A última mesa, coordenada pela promotora Eliane de Lima Pereira, tratou do ‘Desaparecimento forçado: dos porões da ditadura à periferia da democracia’, e reuniu três especialistas: o professor do IFRJ, Fabio Araujo, Paula Mendes Lacerda, professora da pós em Ciências Sociais da Uerj, e Michelle Lacerda, sobrinha de Amarildo de Souza e integrante da Comissão de Direitos Humanos da Alerj. “As mães negras e moradoras da periferia estão no olho do furacão, com grandes chances de perderem seus filhos. E, enquanto não temos respostas, vivemos uma expectativa sem fim, que nos faz descer dos ônibus a cada vez que vemos alguém parecido com nossos desaparecidos passando pela rua”, relatou a familiar do ajudante de pedreiro, torturado e morto por policiais da UPP da Rocinha, em 2013.

Fábio Araujo ressaltou a importância do debate neste momento em que o país vive uma nova escalada da violência política, evidenciada pela execução da vereadora Marielle Franco, em 14 de março. “Vemos o enfraquecimento de direitos e políticas sociais fundamentais. Estamos sob intervenção federal na Segurança e, apesar disso, o desaparecimento segue fazendo parte do quadro da violência urbana no Rio”. Nesse mesmo contexto, Paula Lacerda recordou casos ocorridos em Altamira, no Pará, entre 1989 e 1993, quando meninos foram atraídos por um homem e executados, tendo seus órgãos sexuais arrancados. “Somente após o 14º crime foi possível abrir um inquérito policial. A mais extensa e violenta do país, a cidade, na época, contava só com uma delegacia e uma viatura, sempre sem combustível”. 
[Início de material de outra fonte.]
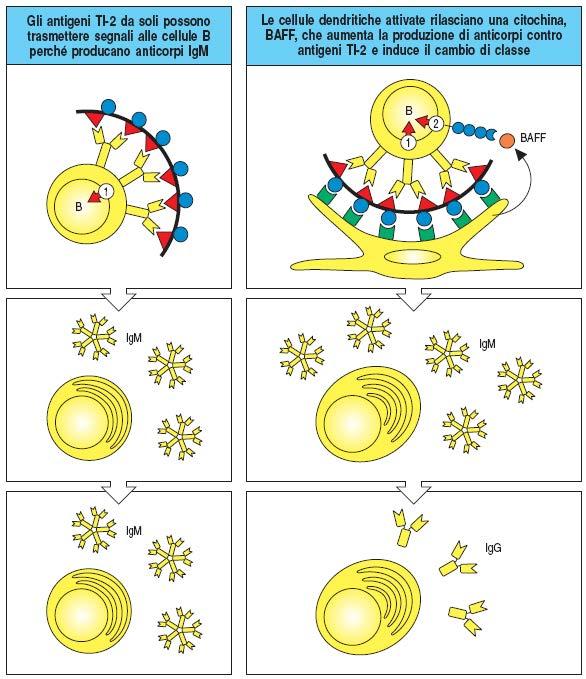 TI-2 attivano le cellule B mature 17 Esempio : polisaccaridi della capsula batterica con strutture ripetute:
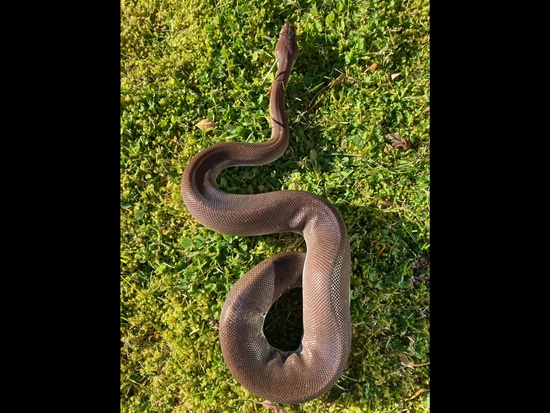 Cinny Sugar Ball Python Super Cinny Ball Python by Sphynx&Serpent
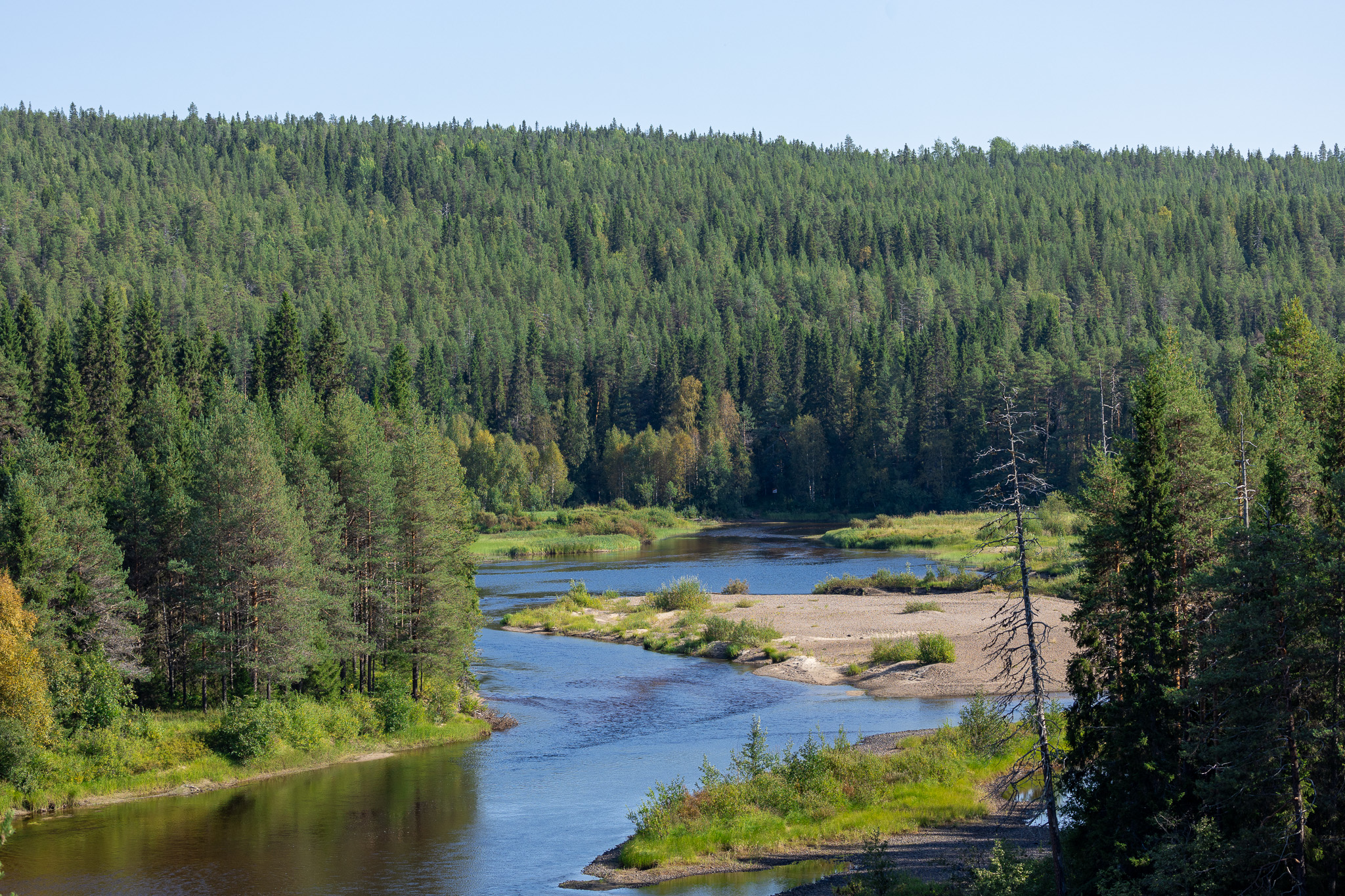 Point de vue sentier de l'ours en Finlande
Ao final do encontro, a coordenadora do CENPI/MPRJ fez um balanço das atividades. “Este foi o nosso primeiro evento formal, num dia muito feliz que, por coincidência, foi marcado pela publicação no Diário Oficial da resolução que define as estruturas do Centro de Pesquisas. Lidamos com um tema difícil, que trata da dor da ausência, e abrimos nossas portas para receber a sociedade civil, em busca de auxílio. Tivemos casa cheia, com audiência atenta e de perfil diversificado, o que reforça a abrangência do fenômeno do desaparecimento. Creio que o MPRJ conseguiu dar a essas pessoas a resposta inicial necessária, de acolhimento, além de reafirmar seu compromisso de agir diante das demandas apresentadas. O PLID/MPRJ já ajudou dezenas de famílias a encontrar seus familiares. E o diagnóstico divulgado hoje permitirá que possamos qualificar ainda mais este trabalho, além de apontar caminhos para novas políticas resolutivas”, concluiu Maria Cristina dos Anjos Tellechea.